Predictably, the Buffet Rule–which would have raised tax rates on those making a million dollars or more a year–failed for lack of the 60 votes needed to break a Republican filibuster. The GOP defended its position as necessary to encourage entrepreneurship and job creation, despite literally mountains of data disproving the link between lower taxes and economic prosperity.

It may be instructive to consider a couple of observations from a new book written by Bill Gates Senior. It’s titled “Self-Made Myth.”

In the book, Gates explains that Bill Jr. could not have built Microsoft without the United States’ publicly-supported infrastructure, tax laws, government-funded scientific research, public education and patent protection.

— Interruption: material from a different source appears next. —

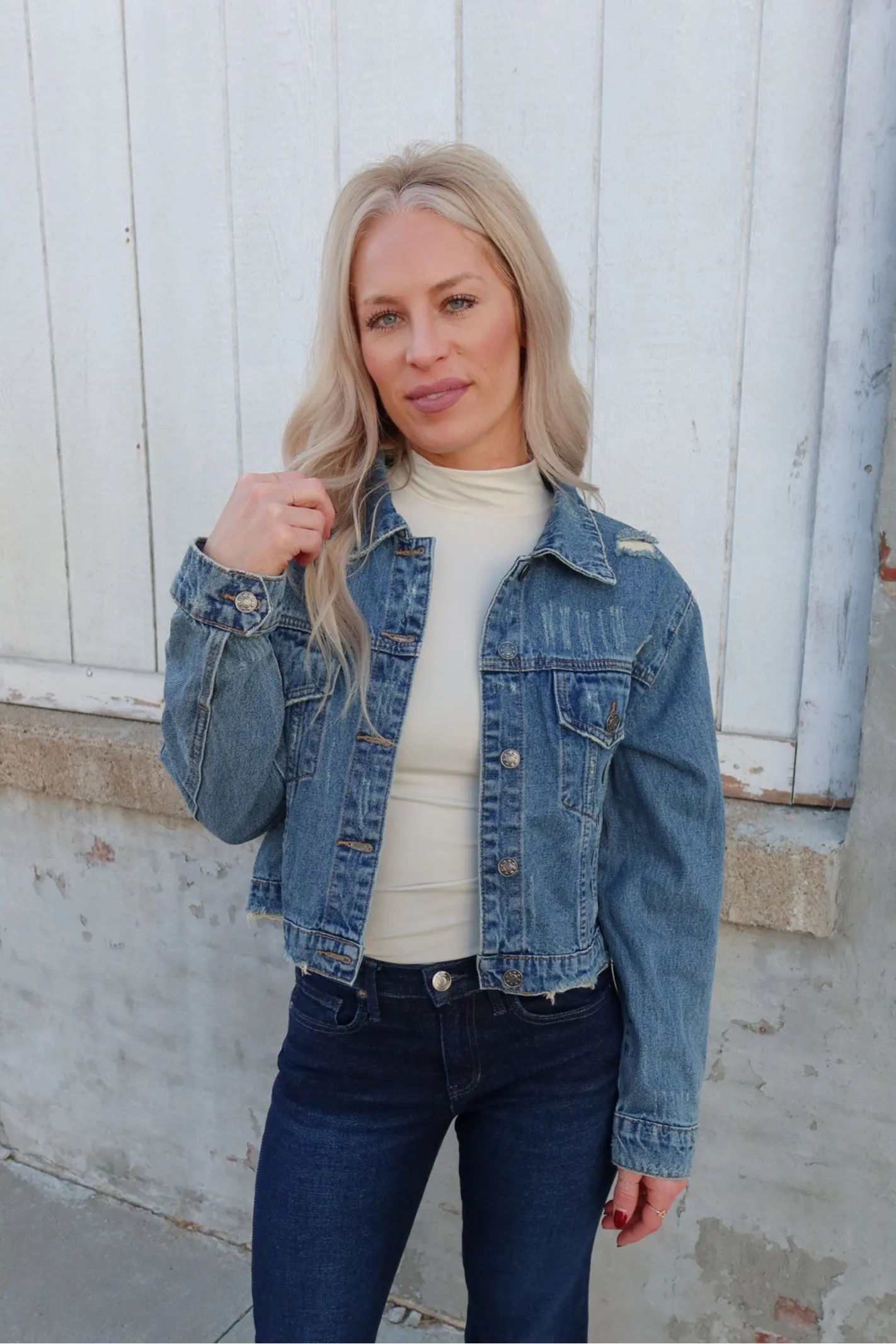 Afternoon Date Distress Hem Cropped Denim Jacket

The book cites a number of other successful entrepreneurs who readily acknowledge their immense debt to the broad-based, publicly-financed goods our society offers, from the roads over which they ship their goods to the police and firefighters who maintain public safety.

A foreign student of mine once observed that there are plenty of bright, entrepreneurial people in third-world countries who cannot succeed on the scale Americans can, precisely because they lack those public goods, and because the absence of our extensive but largely taken-for-granted public infrastructure prevents the development of a middle class with the wherewithal to purchase their products. Market-based economies require–duh!–markets.

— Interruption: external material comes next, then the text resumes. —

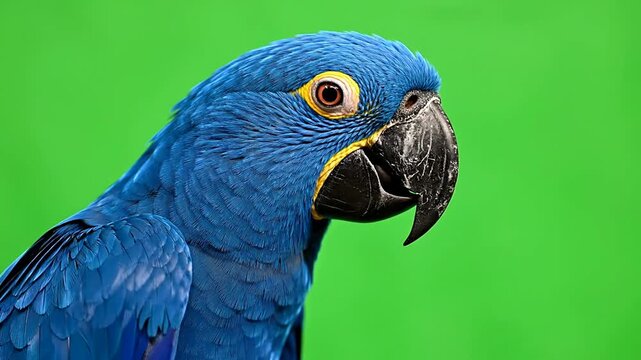 Close-Up of a Vibrant Blue Hyacinth Macaw Against a Bright Green Background with Detailed Feathers and Expressive Eye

The question we face right now is what happens if we continue down the reckless path we seem to be traveling, a path that promises–among other things–to eliminate or vastly reduce the American middle class?

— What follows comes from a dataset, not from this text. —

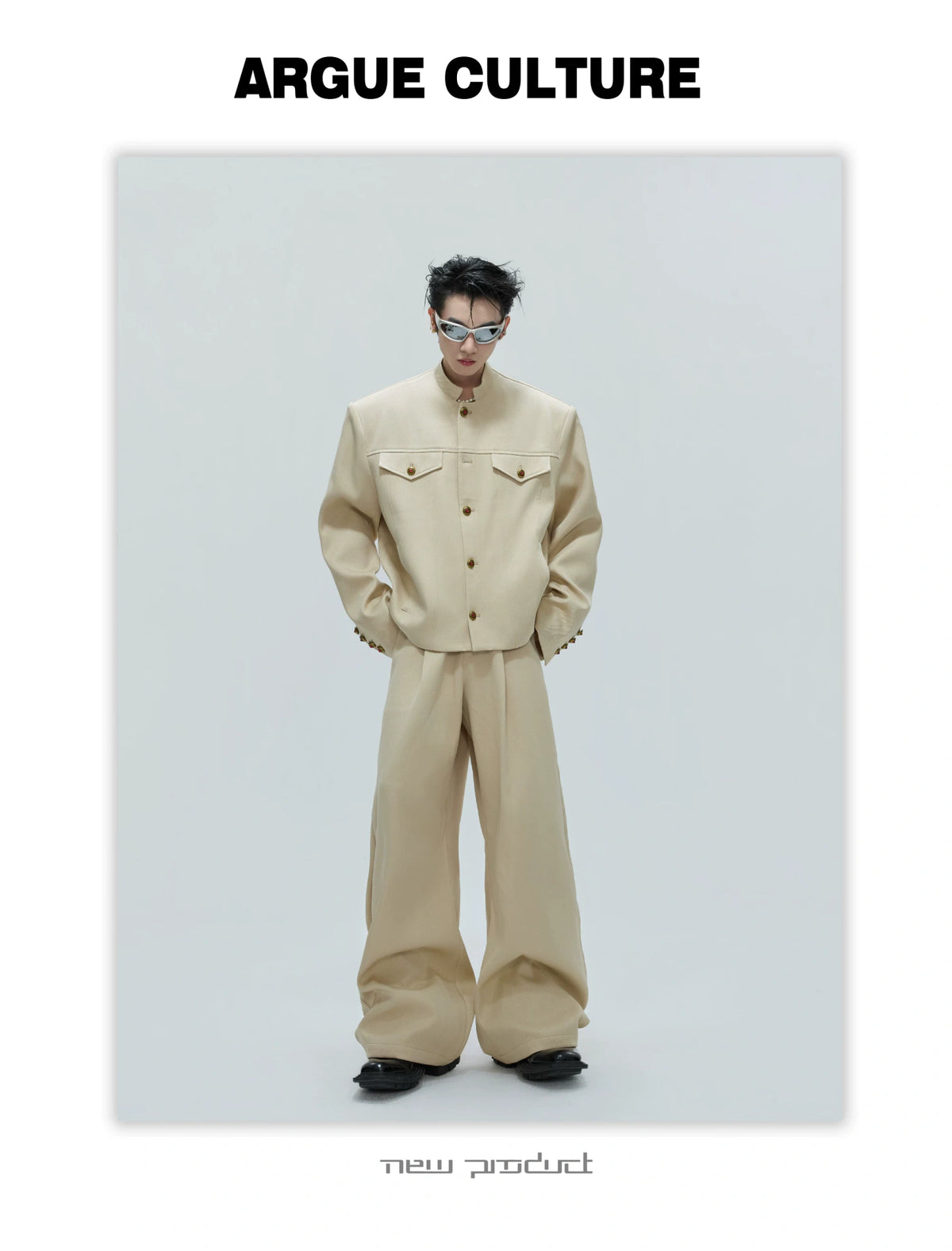 Cropped Stand-Collar Cotton-Wool Jacket Set - description image 14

Ironically, in their zeal to avoid even moderately higher taxation, their unwillingness to repair or improve our crumbling infrastructure, their attacks on the public servants who provide security and education, the wealthiest Americans and their apologists and courtiers run a significant risk of killing the goose that makes their golden eggs possible.

The reality, as Neil Pierce has recently noted, is that government has been an indispensable player in developing America’s prosperity, from the early canals to our transcontinental railways, great dams to the interstate highway system, the first telegraph lines to the government-funded research that led to the Internet. It’s equally true at the local and state level, from public schools for all to our great public universities, the first minimum wage and workplace safety laws.

None of these public goods are free. They are an investment, and over the years, they’ve generated a remarkable rate of return in general prosperity and in all of those “self-made” men.